From first line to last, copy the listing exactly and omit its pictures.
Start of Given material
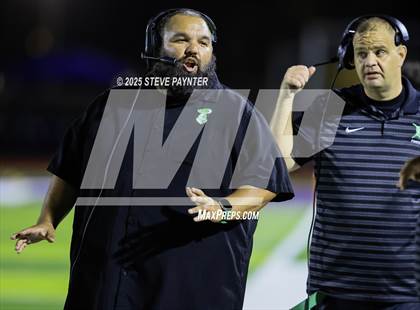 Thumbnail 1 in Gila Ridge @ St. Mary's photogallery.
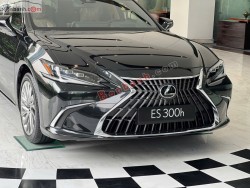 Bán ô tô Lexus ES 300H - 2026 - xe mới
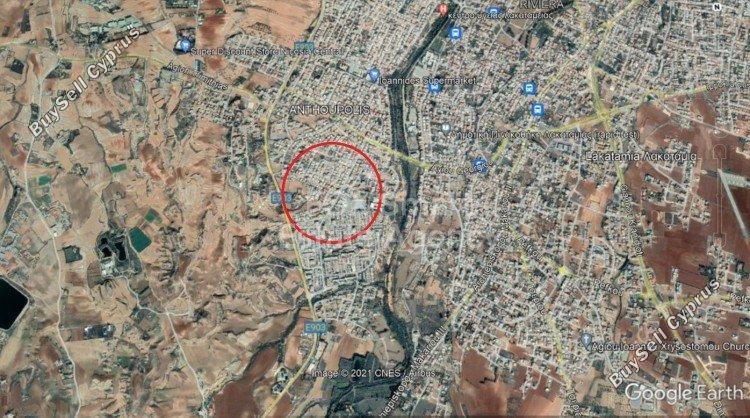 plot for sale pano lakatamia nicosia 1151138 image 5128784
End of Given material
**Result for this exercise:**
 Thumbnail 1 in Gila Ridge @ St. Mary's photogallery.
 Bán ô tô Lexus ES 300H - 2026 - xe mới
 plot for sale pano lakatamia nicosia 1151138 image 5128784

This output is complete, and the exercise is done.